(Revised Notes of an address)
When the Son of God was on earth, as predicted by the prophet Isaiah, His people Israel saw no beauty in Him; but there were those who were drawn to the Son by the Father, and who were attracted to Jesus by the grace of His Person. Out of a full heart John the Baptist exclaimed, "Behold the Lamb of God!" When some of His disciples went back, and the twelve were challenged by the Lord, Simon Peter answered, "Lord, to whom shall we go? Thou hast the words of eternal life." Mary of Bethany, who had seen His glory shine out at the tomb of her brother Lazarus, anointed His feet with ointment, and wiped them with her hair. Mary of Magdala, who had been the subject of His power and grace, in deep devotion, watched at His tomb, seeking her Lord.

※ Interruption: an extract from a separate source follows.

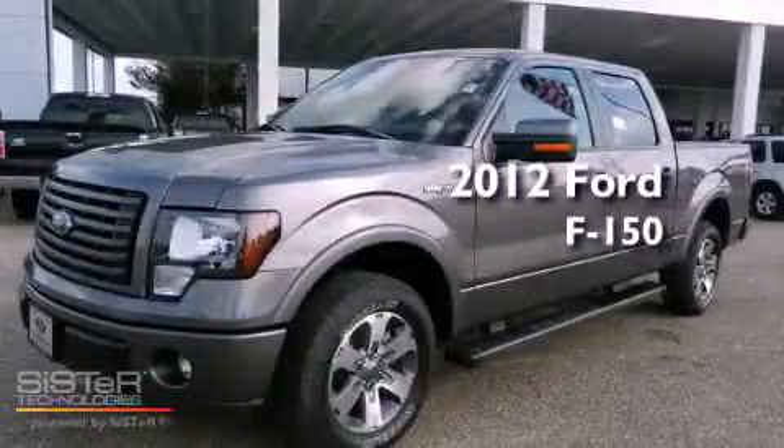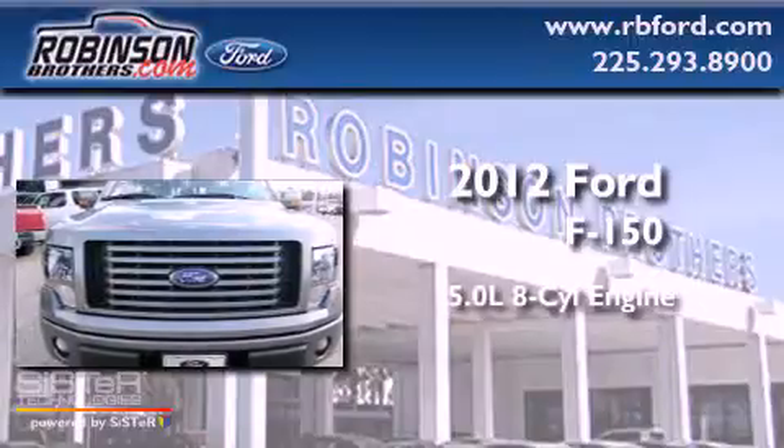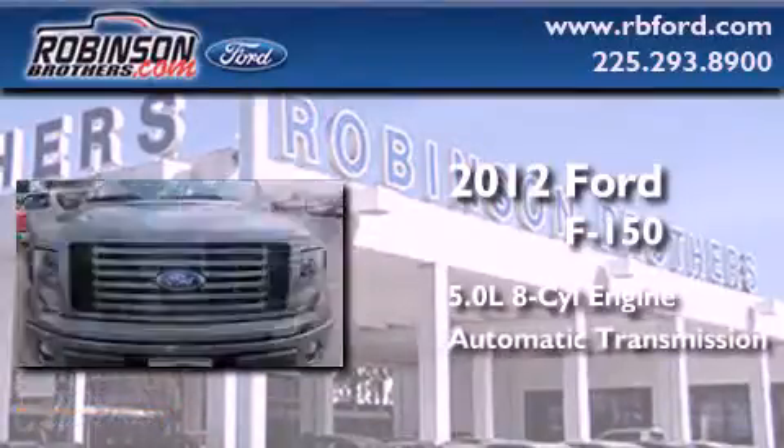This is a brand new 2012 Ford F-150. It has a 5.0-liter eight-cylinder engine and an automatic transmission.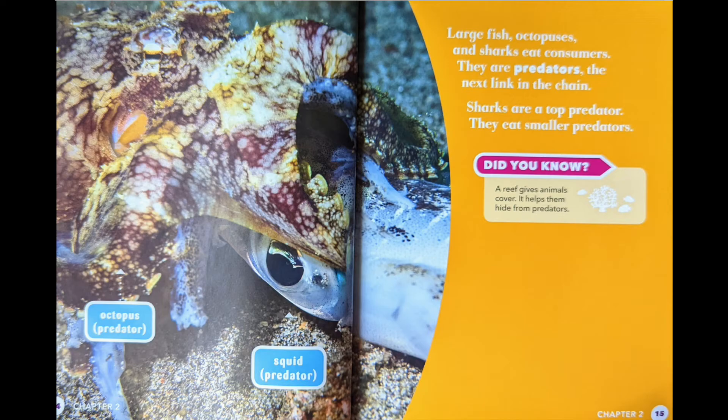Did you know? A reef gives animals cover. It helps them hide from predators. Octopus: predator. Squid: predator.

In the glory, where the Father has seated His well-beloved Son, the Lord Jesus is still attracting His own. When He left this world, His disciples "looked steadfastly towards heaven," but "a cloud received Him out of their sight." They could not at that time say what can now be said, "We see Jesus, who was made a little lower than the angels for the suffering of death, crowned with glory and honour" (Heb. 2:9). The coming of the Holy Spirit has given us the spiritual vision to see Jesus glorified in heaven. After telling the disciples of the coming of the Holy Spirit in John 14:16-17, the Lord says in verse 19, "Yet a little while, and the world seeth me no more; but ye see me." Without the indwelling Spirit of God we could not behold Christ in glory.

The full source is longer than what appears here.